Try it: Excluding pictures, retype the line with "Villain to Kill ตอนที่ 166 2" and each line that follows it to the end of the data below, word for word.

Given data:
+++++

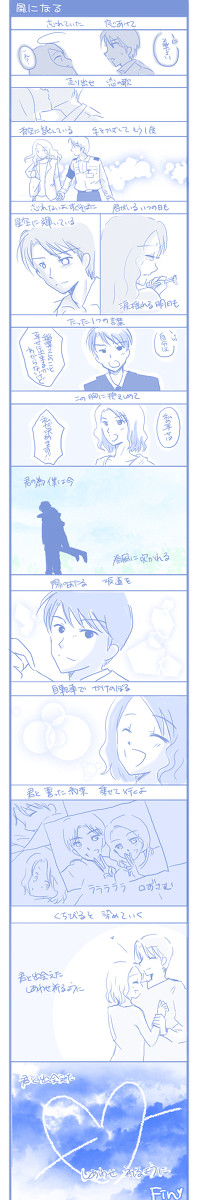 風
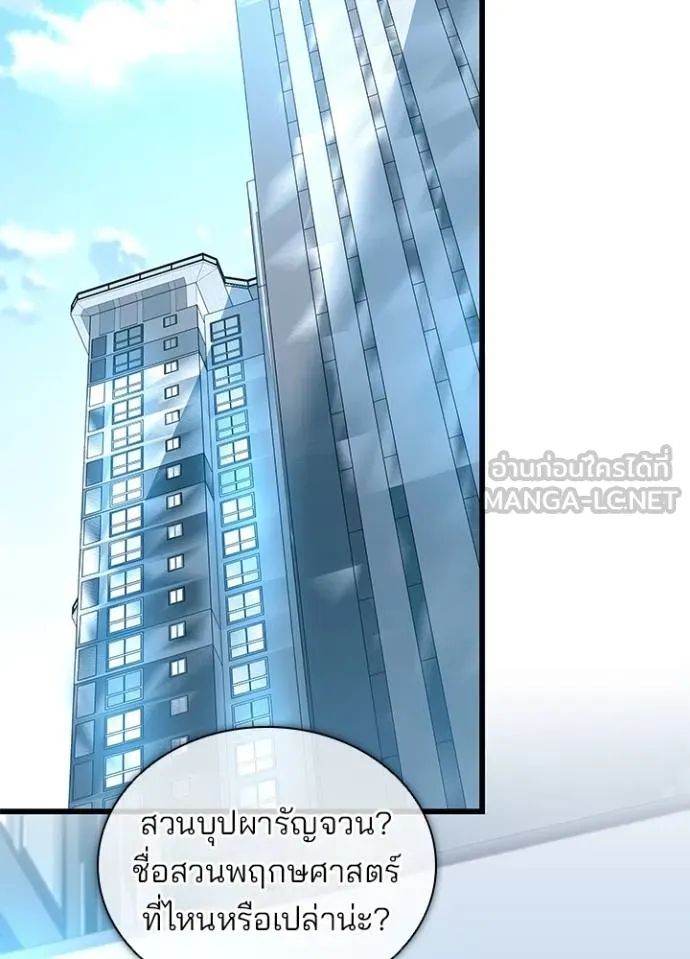 Villain to Kill ตอนที่ 166 2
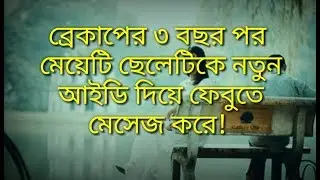 ব্রেকাপের ৩ বছর আবার মেয়েটির মেসেজ #bangla love story #sad love sms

+++++

Answer space:
 Villain to Kill ตอนที่ 166 2
 ব্রেকাপের ৩ বছর আবার মেয়েটির মেসেজ #bangla love story #sad love sms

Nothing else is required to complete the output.